When Muller and colleagues analyzed chromosomal translocations among different strains of C. glabrata, three major rearrangements, involving chromosomes IV, IX, XII, and XIII were found [27]. The three breakpoints corresponding to these three rearrangements were mapped and sequenced, but they are not located in the proximity of megasatellites, nor do they encompass any kind of repeated element. However, in the same study, it was shown that among 12 deletions ranging in size from 130 to 12 kb detected in the C. glabrata genome, two were located within two megasatellites (one of them being the longest megasatellite of the genome). The probability of this happening by chance is low, suggesting that megasatellites might be involved in the mechanism leading to these two deletions. In a more recent study using a larger number of probes, 11 reciprocal and nonreciprocal translocations involving 11 out of the 13 C. glabrata chromosomes were found [28]. The authors also detected five segmental duplications, including four class III duplications leading to the formation of new chromosomes [29]. In one of these, the duplication breakpoint is located less than 10 kb from a SFFIT megasatellite (MS#208), suggesting that it could be involved in the rearrangement, although this was not formally proven.

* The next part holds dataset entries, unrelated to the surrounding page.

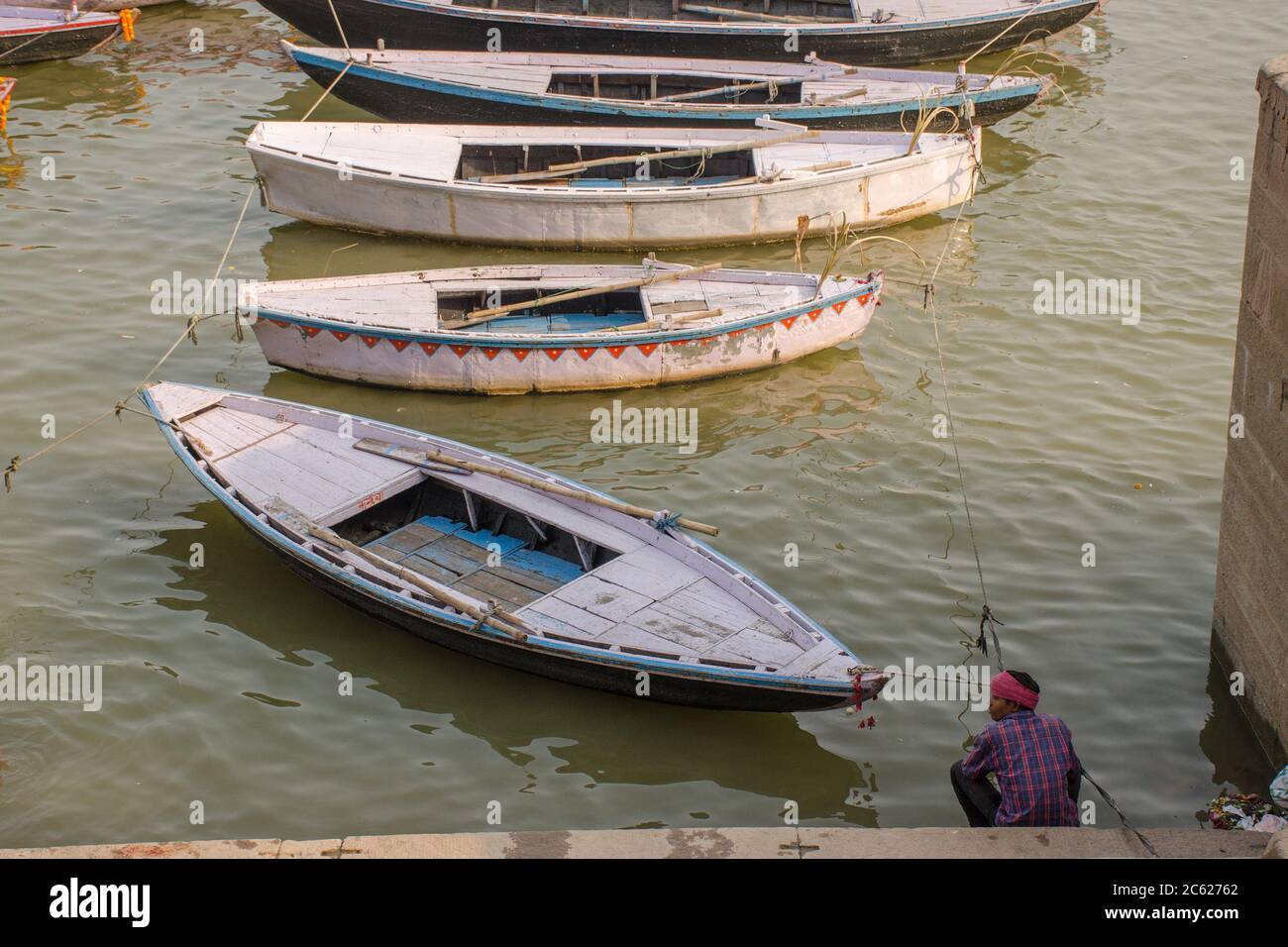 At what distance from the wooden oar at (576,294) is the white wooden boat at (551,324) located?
0.06 feet

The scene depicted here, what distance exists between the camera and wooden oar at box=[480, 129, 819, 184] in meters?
17.3

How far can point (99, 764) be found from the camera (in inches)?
374

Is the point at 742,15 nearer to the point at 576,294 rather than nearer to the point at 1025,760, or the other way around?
the point at 576,294

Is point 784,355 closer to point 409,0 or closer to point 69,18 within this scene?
point 409,0

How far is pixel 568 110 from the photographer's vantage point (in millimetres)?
18562

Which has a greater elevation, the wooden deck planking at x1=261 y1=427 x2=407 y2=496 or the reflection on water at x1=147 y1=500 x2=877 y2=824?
the wooden deck planking at x1=261 y1=427 x2=407 y2=496

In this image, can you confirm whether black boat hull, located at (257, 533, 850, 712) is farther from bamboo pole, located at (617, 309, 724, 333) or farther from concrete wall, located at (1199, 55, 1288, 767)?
bamboo pole, located at (617, 309, 724, 333)

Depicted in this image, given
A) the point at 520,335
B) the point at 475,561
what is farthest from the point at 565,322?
the point at 475,561

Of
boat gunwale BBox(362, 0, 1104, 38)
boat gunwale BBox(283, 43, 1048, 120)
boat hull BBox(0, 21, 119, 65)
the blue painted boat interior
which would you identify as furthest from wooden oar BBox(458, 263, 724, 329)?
boat hull BBox(0, 21, 119, 65)

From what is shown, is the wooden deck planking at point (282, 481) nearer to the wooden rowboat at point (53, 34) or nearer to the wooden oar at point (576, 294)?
the wooden oar at point (576, 294)

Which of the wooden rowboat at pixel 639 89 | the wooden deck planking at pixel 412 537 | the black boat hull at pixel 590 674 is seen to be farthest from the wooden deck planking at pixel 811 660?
the wooden rowboat at pixel 639 89

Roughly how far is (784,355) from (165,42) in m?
13.5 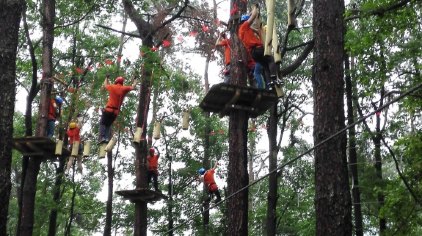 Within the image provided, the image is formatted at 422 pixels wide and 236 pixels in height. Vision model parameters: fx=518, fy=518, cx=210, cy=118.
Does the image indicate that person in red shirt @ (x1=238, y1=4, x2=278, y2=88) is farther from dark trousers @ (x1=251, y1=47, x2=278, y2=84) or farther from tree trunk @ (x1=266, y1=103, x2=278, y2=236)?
tree trunk @ (x1=266, y1=103, x2=278, y2=236)

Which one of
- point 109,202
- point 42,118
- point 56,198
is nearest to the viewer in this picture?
point 42,118

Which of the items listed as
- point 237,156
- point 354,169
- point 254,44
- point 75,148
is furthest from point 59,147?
point 354,169

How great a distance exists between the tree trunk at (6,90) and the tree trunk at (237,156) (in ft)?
12.3

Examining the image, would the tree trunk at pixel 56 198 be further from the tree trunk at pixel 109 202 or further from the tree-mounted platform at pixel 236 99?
the tree-mounted platform at pixel 236 99

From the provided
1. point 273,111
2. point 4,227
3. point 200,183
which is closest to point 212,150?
point 200,183

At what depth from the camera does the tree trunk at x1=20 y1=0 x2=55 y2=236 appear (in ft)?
32.7

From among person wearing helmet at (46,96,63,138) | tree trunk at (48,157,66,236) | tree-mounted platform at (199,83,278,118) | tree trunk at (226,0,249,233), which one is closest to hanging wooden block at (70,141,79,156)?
person wearing helmet at (46,96,63,138)

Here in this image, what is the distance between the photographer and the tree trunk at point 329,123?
561 cm

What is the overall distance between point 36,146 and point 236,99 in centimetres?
425

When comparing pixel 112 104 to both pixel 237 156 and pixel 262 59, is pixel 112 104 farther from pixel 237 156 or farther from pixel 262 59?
pixel 262 59

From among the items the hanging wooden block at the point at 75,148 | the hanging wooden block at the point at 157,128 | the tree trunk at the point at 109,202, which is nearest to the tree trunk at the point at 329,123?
the hanging wooden block at the point at 157,128

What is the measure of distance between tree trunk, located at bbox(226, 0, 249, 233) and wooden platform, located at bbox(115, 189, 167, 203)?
10.7 ft

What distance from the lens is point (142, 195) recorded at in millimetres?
11242

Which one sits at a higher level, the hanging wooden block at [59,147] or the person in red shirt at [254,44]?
the person in red shirt at [254,44] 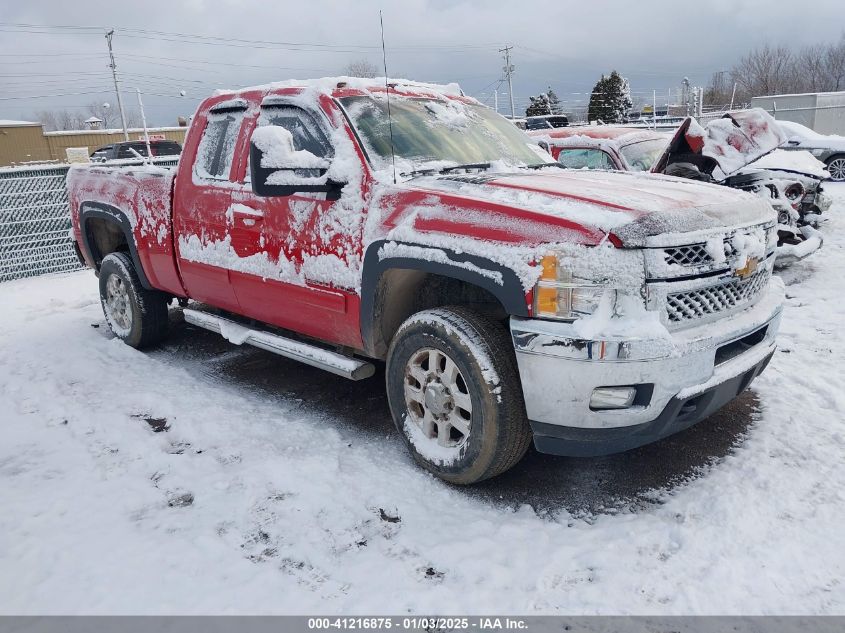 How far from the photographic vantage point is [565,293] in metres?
2.84

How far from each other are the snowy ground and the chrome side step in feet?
1.42

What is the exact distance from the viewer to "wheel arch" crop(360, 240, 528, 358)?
311 cm

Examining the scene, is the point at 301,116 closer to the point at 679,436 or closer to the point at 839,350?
the point at 679,436

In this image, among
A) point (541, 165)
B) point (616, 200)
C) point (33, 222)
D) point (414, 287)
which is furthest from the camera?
point (33, 222)

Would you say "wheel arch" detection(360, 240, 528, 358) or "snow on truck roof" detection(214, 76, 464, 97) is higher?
"snow on truck roof" detection(214, 76, 464, 97)

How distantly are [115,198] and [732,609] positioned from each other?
533cm

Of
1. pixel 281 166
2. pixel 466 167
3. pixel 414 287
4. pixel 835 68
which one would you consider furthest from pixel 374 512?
pixel 835 68

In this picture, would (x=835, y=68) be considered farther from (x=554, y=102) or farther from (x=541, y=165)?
(x=541, y=165)

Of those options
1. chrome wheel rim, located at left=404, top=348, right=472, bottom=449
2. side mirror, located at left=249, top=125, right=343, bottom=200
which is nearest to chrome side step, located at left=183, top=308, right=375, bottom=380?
chrome wheel rim, located at left=404, top=348, right=472, bottom=449

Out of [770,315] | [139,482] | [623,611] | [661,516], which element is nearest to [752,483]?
[661,516]

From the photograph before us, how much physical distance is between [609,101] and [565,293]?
131 ft

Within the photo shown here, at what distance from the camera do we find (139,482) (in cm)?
358

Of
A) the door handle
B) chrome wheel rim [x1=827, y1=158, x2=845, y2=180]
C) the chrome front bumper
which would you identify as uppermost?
the door handle

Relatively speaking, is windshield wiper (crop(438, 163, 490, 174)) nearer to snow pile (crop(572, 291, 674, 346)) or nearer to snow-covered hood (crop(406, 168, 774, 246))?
snow-covered hood (crop(406, 168, 774, 246)) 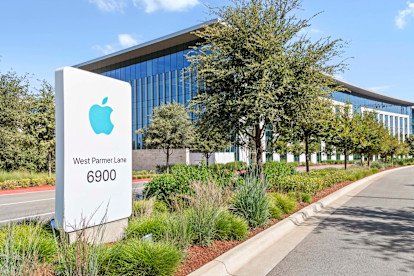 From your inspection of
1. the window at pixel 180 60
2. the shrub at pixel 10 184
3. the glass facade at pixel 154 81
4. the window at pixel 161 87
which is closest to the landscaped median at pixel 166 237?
the shrub at pixel 10 184

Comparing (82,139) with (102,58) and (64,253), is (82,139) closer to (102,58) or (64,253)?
(64,253)

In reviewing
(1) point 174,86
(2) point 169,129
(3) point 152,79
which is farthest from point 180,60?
(2) point 169,129

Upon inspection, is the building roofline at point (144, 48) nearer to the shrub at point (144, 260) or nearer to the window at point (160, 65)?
the window at point (160, 65)

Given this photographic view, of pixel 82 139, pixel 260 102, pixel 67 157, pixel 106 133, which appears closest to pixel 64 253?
pixel 67 157

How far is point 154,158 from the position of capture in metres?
40.8

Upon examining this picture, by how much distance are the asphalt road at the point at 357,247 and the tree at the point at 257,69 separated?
2940 mm

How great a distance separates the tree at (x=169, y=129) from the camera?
90.5ft

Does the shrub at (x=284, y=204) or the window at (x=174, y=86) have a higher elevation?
the window at (x=174, y=86)

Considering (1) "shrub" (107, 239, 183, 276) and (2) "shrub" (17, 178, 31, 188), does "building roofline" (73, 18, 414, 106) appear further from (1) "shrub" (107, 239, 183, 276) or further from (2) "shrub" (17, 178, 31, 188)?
(1) "shrub" (107, 239, 183, 276)

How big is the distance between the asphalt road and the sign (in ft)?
9.71

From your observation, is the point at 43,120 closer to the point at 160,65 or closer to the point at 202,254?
the point at 202,254

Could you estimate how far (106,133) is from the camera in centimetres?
518

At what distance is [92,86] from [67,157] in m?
1.27

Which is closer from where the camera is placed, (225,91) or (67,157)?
(67,157) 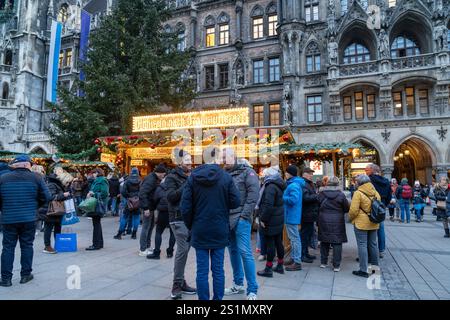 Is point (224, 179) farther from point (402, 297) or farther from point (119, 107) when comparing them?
point (119, 107)

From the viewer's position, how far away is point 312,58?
24.4 metres

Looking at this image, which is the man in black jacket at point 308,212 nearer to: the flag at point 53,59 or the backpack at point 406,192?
the backpack at point 406,192

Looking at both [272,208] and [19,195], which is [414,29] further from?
[19,195]

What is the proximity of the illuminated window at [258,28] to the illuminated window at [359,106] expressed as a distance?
989 centimetres

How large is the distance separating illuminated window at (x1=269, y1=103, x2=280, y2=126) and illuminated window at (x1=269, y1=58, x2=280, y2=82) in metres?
2.29

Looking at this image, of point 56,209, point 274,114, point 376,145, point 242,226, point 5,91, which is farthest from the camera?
point 5,91

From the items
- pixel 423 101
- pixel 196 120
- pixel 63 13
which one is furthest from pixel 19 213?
pixel 63 13

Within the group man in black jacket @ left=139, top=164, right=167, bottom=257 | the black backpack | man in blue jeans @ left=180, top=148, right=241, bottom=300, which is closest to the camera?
man in blue jeans @ left=180, top=148, right=241, bottom=300

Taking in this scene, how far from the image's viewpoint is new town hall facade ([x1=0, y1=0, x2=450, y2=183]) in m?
21.5

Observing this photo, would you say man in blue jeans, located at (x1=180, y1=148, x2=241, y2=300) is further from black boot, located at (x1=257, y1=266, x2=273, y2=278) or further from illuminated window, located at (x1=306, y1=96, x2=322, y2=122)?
illuminated window, located at (x1=306, y1=96, x2=322, y2=122)

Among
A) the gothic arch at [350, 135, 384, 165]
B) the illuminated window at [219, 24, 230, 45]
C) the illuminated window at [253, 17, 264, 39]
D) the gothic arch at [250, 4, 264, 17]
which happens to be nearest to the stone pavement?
the gothic arch at [350, 135, 384, 165]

In conclusion, observations made on chromosomal plasticity in C. glabrata suggest that some of the rearrangements observed might be triggered by the presence of a megasatellite. However, the majority of megasatellites are not associated with chromosomal rearrangements and frequent rearrangements are observed far from any megasatellite, showing that megasatellites are not systematically involved in rearrangements. Large-scale studies of replication and recombination in C. glabrata are now needed to understand the precise role of megasatellites in chromosomal replication and instability.
Evolution of megasatellites
The last intriguing question concerning megasatellites relates to their mechanism(s) of formation. One simple way to propagate megasatellites is to duplicate the gene(s) that contain them. In C. glabrata, several megasatellites are found in paralogous gene families. The largest of these families encompasses 11 paralogues, each containing a SHITT megasatellite and five of them also containing a SFFIT repeat array (Fig. 1). However, six megasatellites containing either SHITT or SFFIT motifs are found in genes that are present in unique copies in the genome, raising questions about their very origin. If point mutations followed by replication slippage may explain how smaller tandem repeats such as microsatellites are born, it is hard to imagine the same mechanism responsible for the de novo creation of larger tandem arrays. Haber and Louis proposed that minisatellites are formed by replication slippage between two short (5 bp) sequences flanking a 10–20 nucleotide unique sequence [30]. Most of the S. cerevisiae minisatellites may actually be flanked by such short motifs [11], but this does not seem to be the case for C. glabrata megasatellites.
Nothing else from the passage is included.